Batı uygarlığı Ay’a insan taşıyan veya uzayın derinliklerine doğru yol alıp dünyaya fotoğraflar gönderebilen araçlar yapmış, atomu parçalayıp partikülleri hızlandırmayı başarmış, daha nice teknoloji harikasıyla insanlığın önünde arz-ı endam etmiş; ama insanların iç dünyasında huzur ve sükûnun tesisi, mutlu bir aile hayatı, ahenkli bir sosyal hayat inşasında tam bir başarısızlığa duçar kalmıştır. Kişi, aile ve toplum, hele ki eğitim üzerine bu kadar sermaye, emek ve zaman sarf edilmesine; adeta bir akademisyen ordusunun psikoloji, sosyoloji, antropoloji, psikiyatri diye uzayıp giden nice disiplin içerisinde bu konuda ziyadesiyle detaylı çalışmalar yürütmesine rağmen, vakıa budur. Bu kadar araştırmaya, bu araştırmalardan elde edilen bu kadar bulgu ve bilgiye, bu bulgu ve bilgilerden hareketle dile getirilen bunca düşünceye ve bu düşünceleri bir kanun hükmüne dönüştüren böylesine güçlü devlet mekanizmalarına rağmen, ortada kocaman bir sıfır vardır.

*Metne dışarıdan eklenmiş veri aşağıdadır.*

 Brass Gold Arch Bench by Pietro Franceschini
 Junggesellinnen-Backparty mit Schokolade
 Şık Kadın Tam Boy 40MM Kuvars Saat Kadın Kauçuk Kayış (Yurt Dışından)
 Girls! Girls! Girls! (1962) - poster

Kur’an’ın özellikle de aile ve kadına dair hükümlerini İslam’a saldırı sebebi kılan Batı uygarlığı, uyumlu ve kalıcı evlilikler, çocuk eğitimi, kardeşler arası beraberlik ve dayanışma; dolayısıyla ahenkli bir sosyal hayat tesisi noktasında tam bir başarısızlık anıtı durumundadır. Oysa onun ”geri” gördüğü İslam toplumu, Batı’dan gelen asırlık saldırılarla aldığı büyük darbelere rağmen, insanî vasıflar, aile hayatı ve sosyal dayanışma itibarıyla hâlâ daha Batı’dan fersah fersah ileri durumdadır.

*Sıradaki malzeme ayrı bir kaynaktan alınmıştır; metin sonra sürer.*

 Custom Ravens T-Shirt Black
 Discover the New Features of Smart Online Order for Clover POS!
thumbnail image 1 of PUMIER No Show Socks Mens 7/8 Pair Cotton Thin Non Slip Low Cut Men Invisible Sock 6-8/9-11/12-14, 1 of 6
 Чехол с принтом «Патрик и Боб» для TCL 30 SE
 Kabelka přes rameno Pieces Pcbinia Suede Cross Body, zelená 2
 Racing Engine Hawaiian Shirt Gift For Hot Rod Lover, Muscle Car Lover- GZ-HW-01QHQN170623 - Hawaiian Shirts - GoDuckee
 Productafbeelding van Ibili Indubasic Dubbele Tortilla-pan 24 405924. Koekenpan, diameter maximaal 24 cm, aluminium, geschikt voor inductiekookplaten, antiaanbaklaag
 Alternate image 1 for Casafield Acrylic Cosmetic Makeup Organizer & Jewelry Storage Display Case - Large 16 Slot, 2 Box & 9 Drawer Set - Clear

Batı’da hayatlar Batı’nın parçalamakla övündüğü atomdan daha beter halde parçalanmış durumda iken; uğradığı bütün saldırılara ve bu saldırıların yol açtığı aşınmalara rağmen Müslüman toplumlarda kişiler, eşler ve kardeşler daha diğerkâm, daha huzurlu ve daha dengeli bir hayat yaşamaktadır. Keza, aile hayatını mahveden ahlakî düşkünlüklere ve sefihliklere, uğradığı her türlü darbeye rağmen, ilgili Kur’an hükümlerine en azından bir derece tâbi ve teslim olunabildiği için, Müslüman toplumlarında daha az rastlanmaktadır.

Günümüz Müslüman’ına ikaz
Bediüzzaman’ın, “Yirmi Beşinci Söz” gibi bir şaheserde ”beşerin aczi”ne karşı ”Kur’an’ın i’cazı”nı ispat ederken verdiği örneklerin daha ziyade aileye dair olmasının, biz bugünün müminlerine bakan bir tarafı da vardır. Çünkü, Kur’an’ın esaslarına karşı Batı’dan gelen saldırı ziyadesiyle kuvvetli olduğu için, zayıf vaktinde müminlerin nefislerini, akıllarını ve hatta kalplerini de etkisi altına almaktadır. Nitekim kendisini imanla ve İslam’la tarif ettiği halde, iş bu imanın hayata, hele ki aile hayatına taşınmasına geldiğinde Batılı anlayış ve tarzların etkisi altında Kur’an’ın ölçülerine karşı zihinsel ve fiilî direnç sergileyen çok sayıda insan bulunmaktadır.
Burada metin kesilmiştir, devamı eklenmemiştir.